In the wet season, the river's water quality improves a little, so the number of stations in the north becomes six stations and the index value varies between 81.48 and 71.62 in the category “Good”.
Next, come seven stations with an index value of between 68.28 and 51.60 in the category “Acceptable”. Qurnah is the last station in the south with an index value of 46.23 in the category “Bad”. Sure enough, that the river water in all regions needs a traditional purification treatment (sedimentation, filtration, and disinfection) to make it drinkable.
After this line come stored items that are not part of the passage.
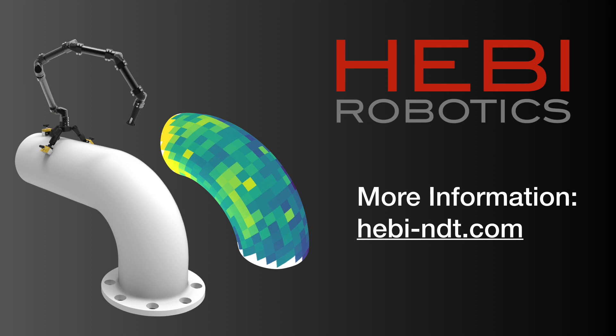If you'd like to find out more, please visit us at hebi-ndt.com. Thank you for your time. Please stay safe and wash your hands.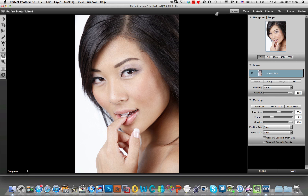First thing you'll notice is that you have a fully integrated environment where you have layers, Perfect Mask, Perfect Portrait, Perfect Effects, Focal Point, Photo Frame, and Perfect Resize — all integrated into one. And you start with layers just as you would in Photoshop. Since it's a separate application for onOne, that's where you start here.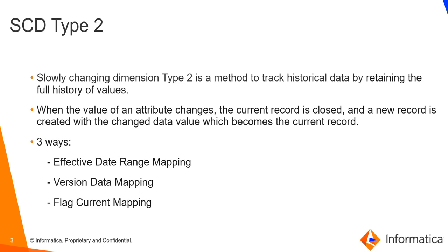First is effective date range mapping in which the changes are tracked by maintaining the start and end date of each version. Second is version data mapping. Here the changes are tracked by versioning the primary key. Third is flag current mapping where the changes are tracked by flagging the current version.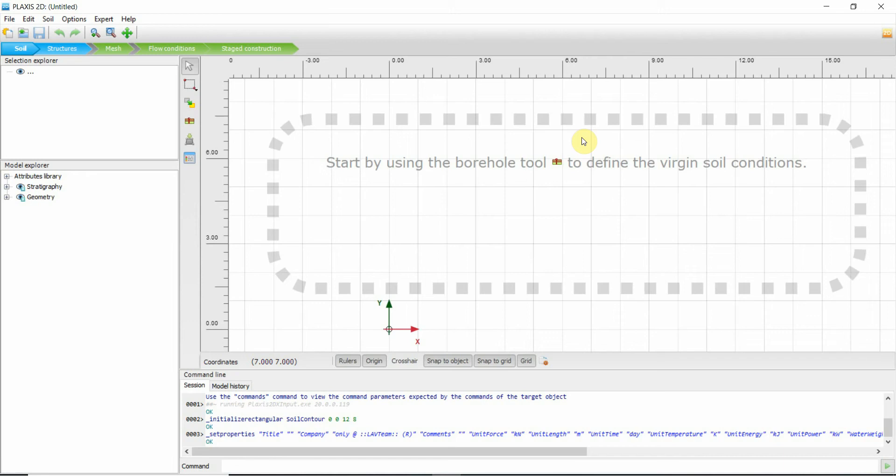They are in cm3 per meter and Plexus wants them in m3 per meter or there is always confusion with the units. So I will tell you how to get away with all of this.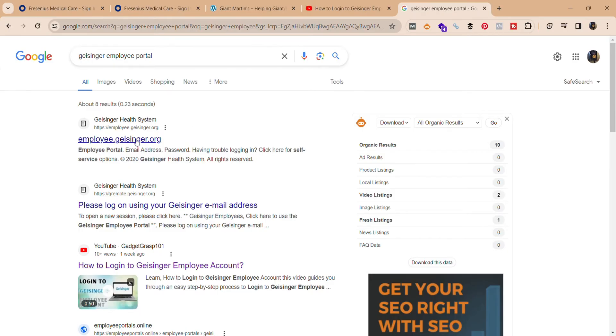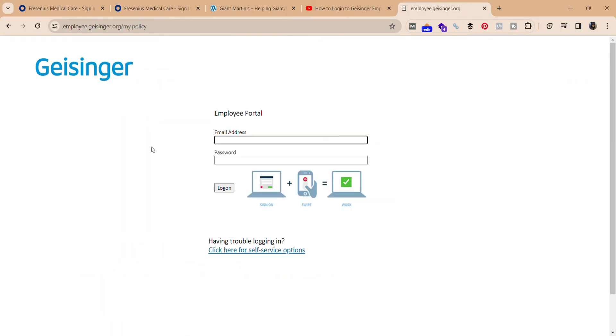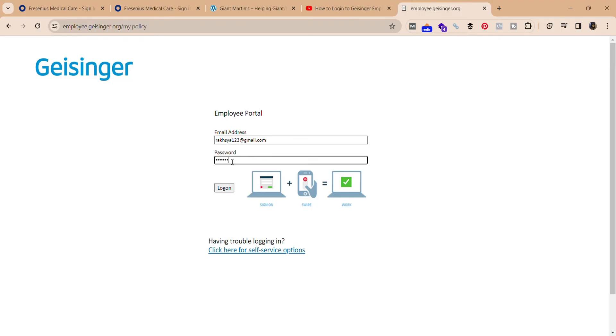It will take you to the login portal. Over here, enter your email address like this, and enter your password. Once you do that, click on the login button. You should be able to log in to your Geisinger employee portal account.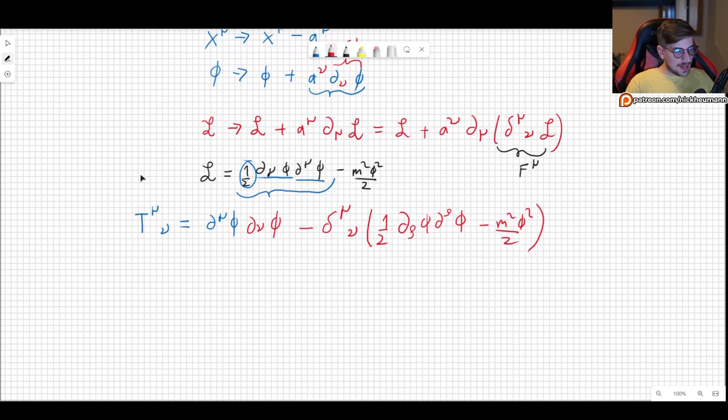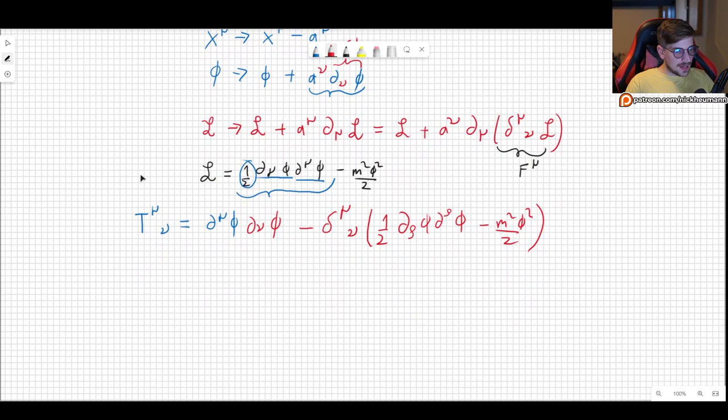Using this, we can find some very interesting quantities. We are interested in the zeroth element of the current, because that is what gives rise to the charge.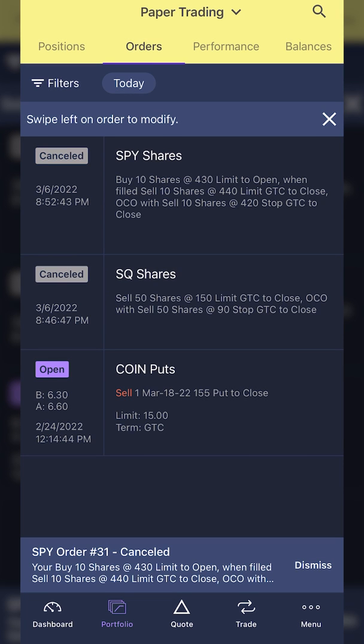That's pretty much it — it might take a little bit of practice to get the hang of it, but creating OCO bracket orders in here is actually pretty easy. Like I said before, I told you I'd also do this on an options contract, so we will do it, but it is the exact same process.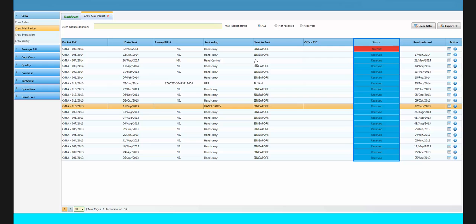The status column displays the status of the mail packet with highlighted colors. Red indicates packet not yet received.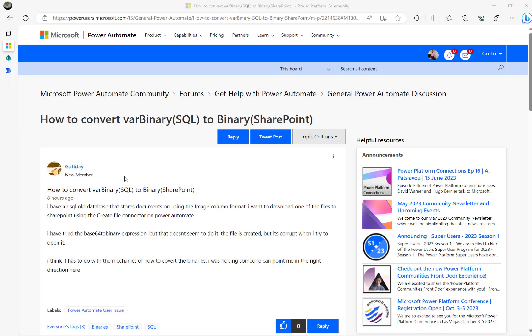Hi. Have a look at this Microsoft Power Automate Community thread. The question here is how to convert VAR Binary SQL to Binary SharePoint.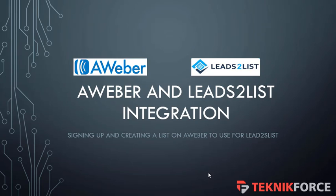Good day everyone, and we are still on our AWeber and Leads to List integration topic. Today I will be showing you how to sign up and create a form on AWeber autoresponder website to sync on your Leads to List application.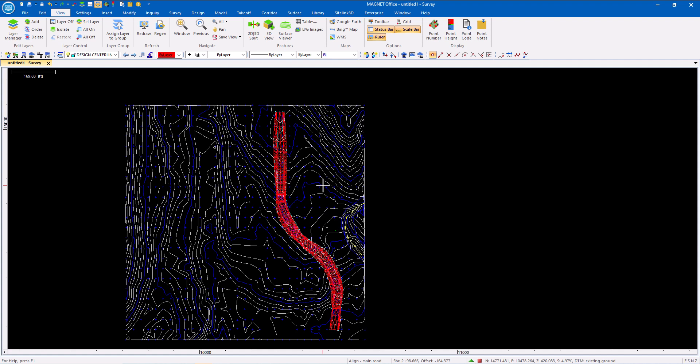Magnet Office has a lot of tools for importing data from the engineer. Land XML file is a great example.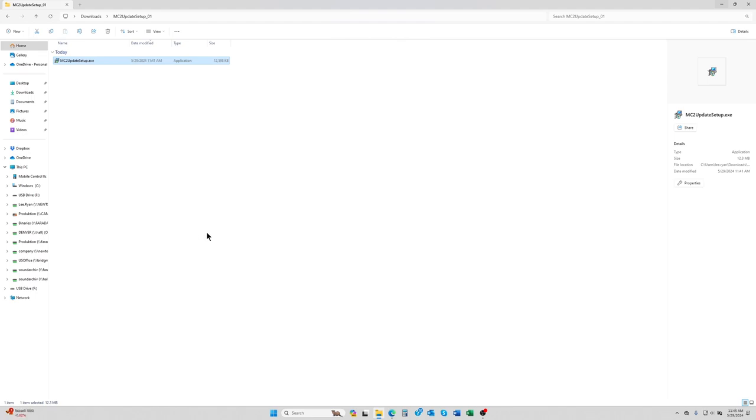We hope that video helped and that you were able to get your throttle successfully updated. Of course, if you run into any issues, feel free to contact us at support at loksound.com. Also, of course, visit our website for information on our products at loksound.com. We thank you for watching. Hope you enjoy the updates of the mobile control 2 and the cab control system. We'll see you next time.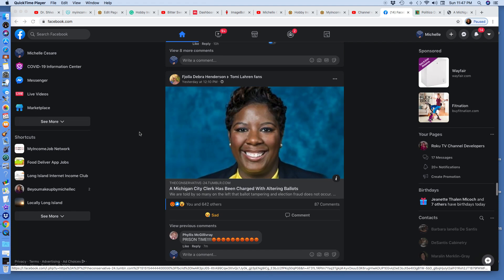charged with altering ballots. I clicked on it. When I clicked on the image, it brings you to this.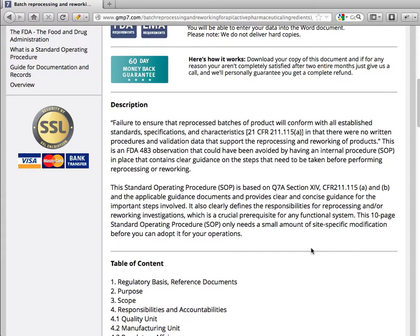Failure to ensure that reprocessed batches of product will conform with all established standards, specifications, and characteristics, and that there were no written procedures and validation data that support the reprocessing and reworking of products — this is an FDA 4A3 observation that could have been avoided.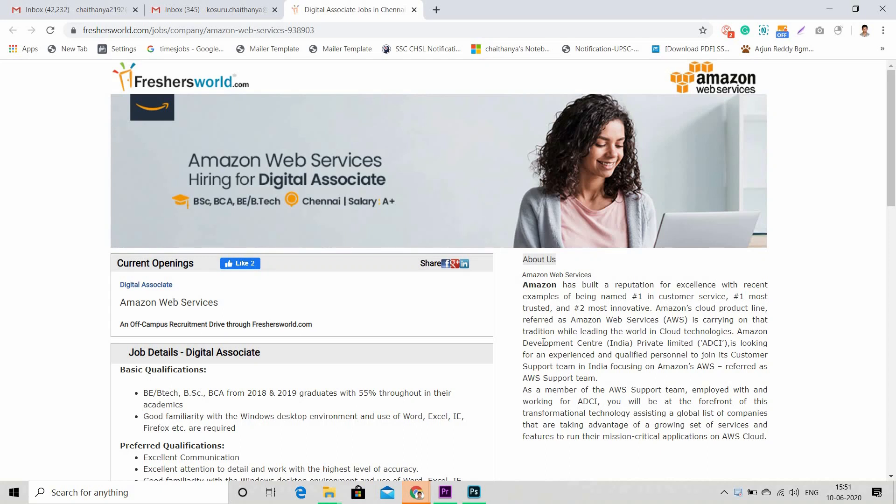Hi guys, welcome to freshersworld YouTube channel. Great news for you - Amazon Web Services is hiring through us. This is a pure premium membership exclusive drive. If you are not a freshersworld premium member, do take it up. Why? Because top-notch companies are going to hire in the coming days.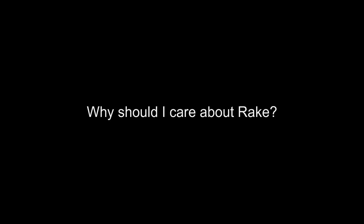The number one reason is that Rake is built on Ruby, which is a powerful dynamic scripting language. Rake build scripts have access to the entire Ruby platform. Also, being a scripting language means that Ruby is excellent at file system manipulation and working with text files, which are two of the things commonly required in build scripts.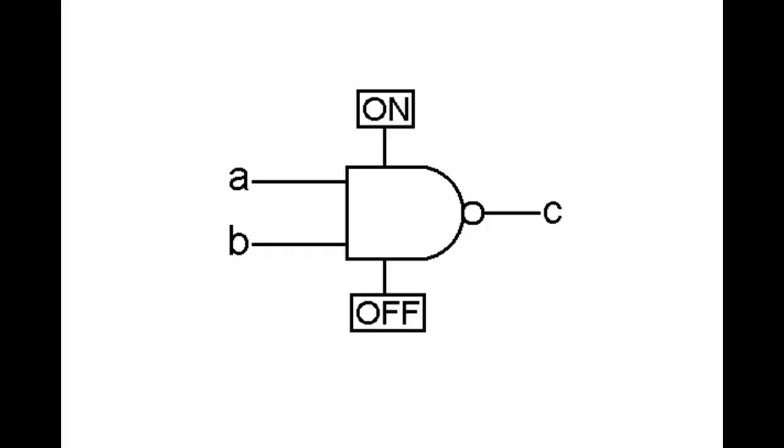Hi everyone and welcome to the second installment of the But How Do It Know companion video series. In this video we'll be looking at the NAND gate, which is really the foundation of the CPU.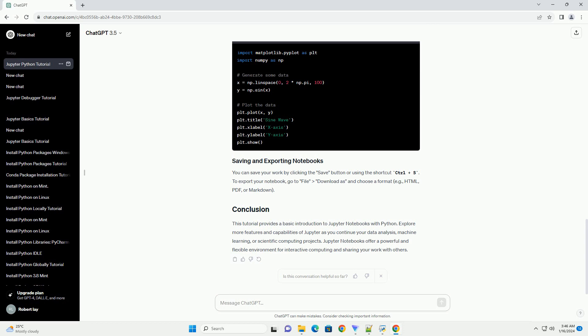Jupyter Notebooks support inline visualizations. You can use libraries like Matplotlib or Seaborn to create charts.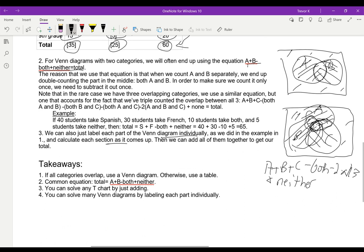Takeaways: if all categories overlap, use a Venn diagram; otherwise use a table. If you're having trouble drawing the Venn diagram because some of your overlaps are zero, you should probably be using a table. The very common equation is A plus B minus both plus neither equals total. You can solve any T-chart by adding, and you can solve many Venn diagrams by labeling each part individually.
The WQI reached its maximum in the north sampling points during the wet season when the flow of the river is high. The values of the WQI in these points are the highest because there is no more pollution on the river. The values of the water quality parameters in this area never exceed the maximal except the values for TH.
The index smaller values were recorded in the south during the dry season when the flow of the river water was low, the values of the dissolved oxygen are low, and the values of Cl-1, TH, TDS, COD, and TC are high. It can be seen that the values of all parameters except for dissolved oxygen increase as we head south, indicating the presence of more organic and mineral materials. The COD values are an important indicator of the efficiency of municipal wastewater treatment plants existent along the river.
Iraq currently faces three forms of water quality problems, the first is the scarcity of water, the second is salinity and the third is the accumulation of contaminants in water linked to municipal, industrial and agricultural activities (Rahi and Halihan, 2018).
Water quality depletion is further exacerbated by drought events and is a significant contributor to agricultural land desertification (Al-Shujairi et al., 2015).
As the water flows downstream, the salinity of the Tigris River worsens because of local geological features, city waste disposal to the river, and agricultural irrigation and drainage activities (Rahi, 2018).
Table 4. The IraqWQI values of the 14 stations along the Tigris River during the dry season.
Table 5. The IraqWQI values of the 14 stations along the Tigris River during the wet season. All parameters in mg/l except for the total coliform (TC) in (MPN/100 mL unit.
From the above results, we notice a congruence between the cluster analysis and the IraqWQI in classifying the water quality of the river stations. Cluster analysis divides the river into three groups of stations with similar water quality, the index divides the stations on the river into three categories: ”Good”, “Acceptable” and “Bad” of the five categories of the index: “Very good”, “Good, “Acceptable”, “Bad”, and “Very bad”.
In the north of the country, the water is “Good” because it has not yet passed through sources of pollution such as large cities and industrial areas, as well as the riverbed is stony and erosion is little (Shihab and Al-Rawi, 2005).
When the river leaves the mountainous region and enters the plains region in the center and south of the country, the water quality according to the index turns into “Acceptable” and in the far south to “Bad”, because the river passes through large cities such as Mosul and Baghdad and passes through a loose plain where erosion occurs frequently (Abbas, 2013).
In the far south, according to the index, the water quality becomes “Bad” in the dry and wet season, due to the combination of agricultural, industrial, and human pollution factors. The increase in evaporation due to the high temperature also helps to increase pollutants, salinity, and dissolved solids (Al-Ansari et al., 2018).